An intake port 124a communicating with the first storage portion 123a is formed on the side surface of the rotor 120 so that the intake air mixture can be introduced into the lobe accommodating portion 111. [ In the present invention, the intake port 124a is formed at a position where the mixer can be sucked while the rotor 120 rotates by 120 degrees counterclockwise.

A second storage portion 123b for temporarily storing the exhaust gas generated after the combustion is formed on the rear surface of the rotor 120. [ The second storage portion 123b is recessed from the rear portion of the rotor 120 toward the front portion (i.e., in the axial direction of the crankshaft 180). The exhaust gas temporarily stored in the second storage portion 123b passes through the exhaust side cover 142, which is one of the housing covers, and is discharged to the outside.

An exhaust port 124b communicating with the second reservoir 123b is formed on the side surface of the rotor 120 so that the exhaust gas generated after the combustion can flow into the second reservoir 123b. In the present invention, the exhaust port 124b is formed at a position where it can be exhausted after the rotor 120 is rotated by 270 degrees in the counterclockwise direction so that the exhaust port 124b can be disposed after the amount of expansion is larger than the amount of intake. The efficiency of the rotary engine 100 can be increased by this over-expansion.

An intake side lid 141 is provided on a front portion of the housing 110 and an exhaust side lid 142 is provided on a rear portion of the housing 110.

The intake side cover 141 is coupled to the housing 110 so as to cover one side of the lobe accommodating portion 111. The intake side cover 141 is provided with a sealing part (not shown) for maintaining the airtightness between the housing 110 and the rotor 120.

The intake side cover 141 serves as a passage for transmitting the suction mixer to the rotor 120 while sealing the housing 110. To this end, the intake side cover 141 is provided with an intake hole 141a communicating with the first storage portion 123a provided in the front portion of the rotor 120. [

A guide gear 160 is mounted on the inside of the intake side cover 141 facing the lobe accommodating portion 111. The guide gear 160 is formed in the shape of a ring having teeth along the inner periphery thereof. The rotor gear 170 is configured to rotate in contact with the guide gear 160. The number of teeth of the guide gear 160 is designed in consideration of the rotation ratio of the crank shaft 180 that transmits power to the rotor 120.

The rotor 120 is equipped with a rotor gear 170. Teeth are formed along the outer periphery of the rotor gear 170 and the rotor gear 170 is configured to rotate in contact with the guide gear 160 fixed to the intake side cover 141. [ The number of teeth of the rotor gear 170 is designed in consideration of the rotation ratio between the rotor 120 and the crankshaft 180.

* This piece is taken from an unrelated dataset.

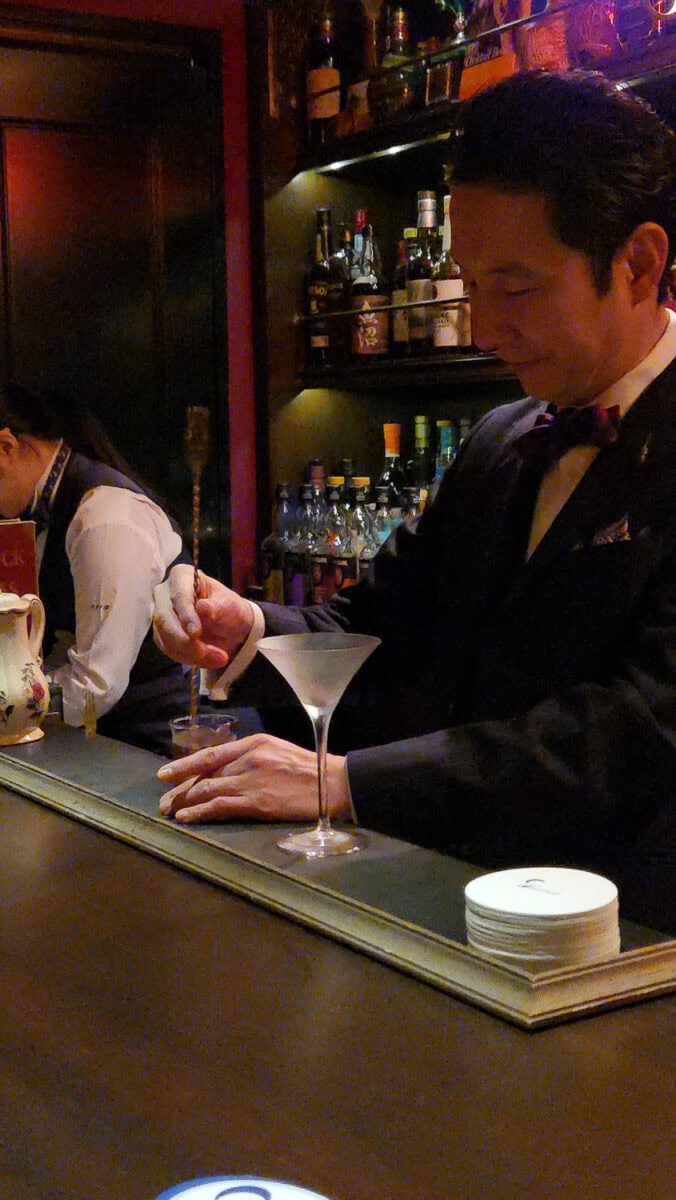 Elegant bartender in a tuxedo preparing a cocktail at a sophisticated bar with liquor bottles in the background.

The rotor gear 170 is formed at its center with a receiving portion 174 for receiving the eccentric journal portion 182 of the crankshaft 180. The eccentric journal portion 182 is rotatable within the receiving portion 174 do. With the above configuration, the eccentric journal portion 182 accommodated in the accommodating portion 174 rotates corresponding to the eccentric rotation of the rotor 120. [ Structurally, when the rotor 120 is eccentrically rotated one clockwise in the counterclockwise direction, the crankshaft 180 is rotated N-1 clockwise.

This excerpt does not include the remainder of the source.